Johansson became well-known to fans of 90210 for playing John Sears, a fraternity brother who unsuccessfully vied for the affections of Kelly Taylor (Jennie Garth) and set up Steve Sanders (Ian Ziering) to burglarize a professor's office. The character returned for the season 4 finale.

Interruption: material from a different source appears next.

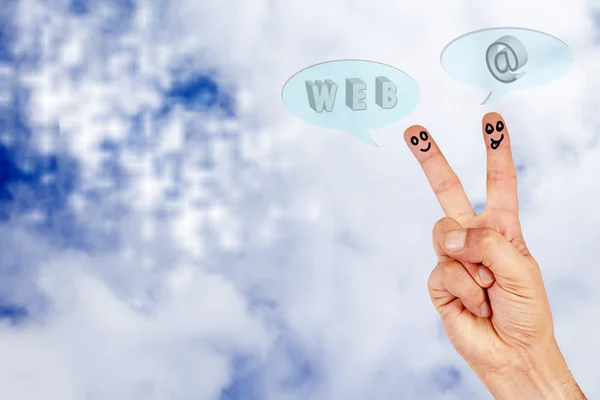 Hand in de wolken met woorden internet — Stockfoto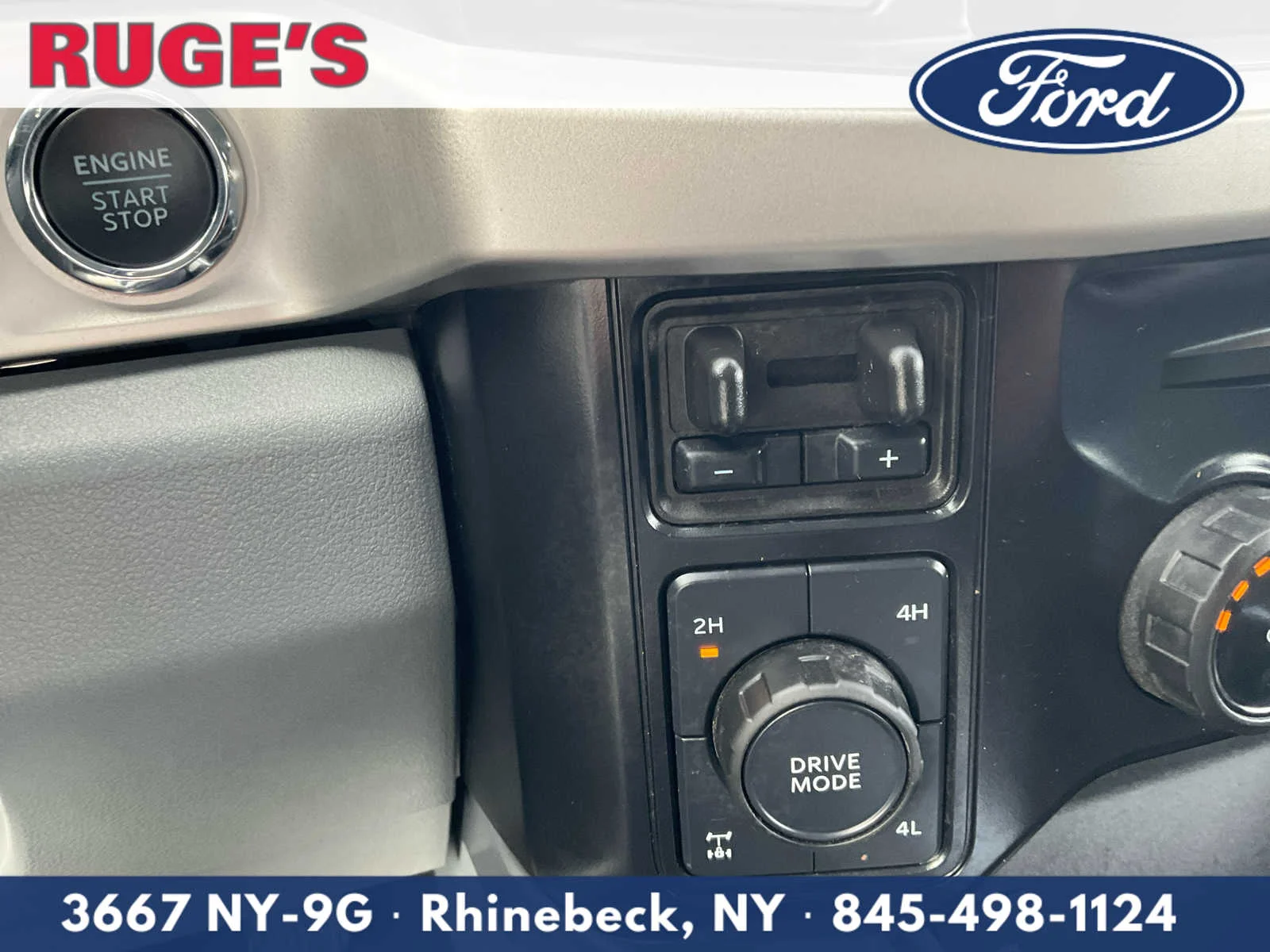 Used 2025 Avalanche Gray Ford XLT image 23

He also appeared in commercials, most notably as the delivery man in a Diet Coke commercial. He has appeared in the films Soapdish, John Q and Alpha Dog, and had a small uncredited role in The Notebook. He portrayed the role of Dan Scott in One Tree Hill beginning in 2003 until the show's end in 2012. He subsequently featured in Takashi Miike's 2003 film Gozu, appearing as a man with a cow's head. In 2003 Johansson wrote and directed the film The Incredible Mrs. Ritchie. He has also directed several episodes of One Tree Hill. In 2006 he starred in Emily Skopov's Novel Romance, alongside Traci Lords and Sherilyn Fenn. He appeared in the 7th season of The Drew Carey Show, playing a sportscaster.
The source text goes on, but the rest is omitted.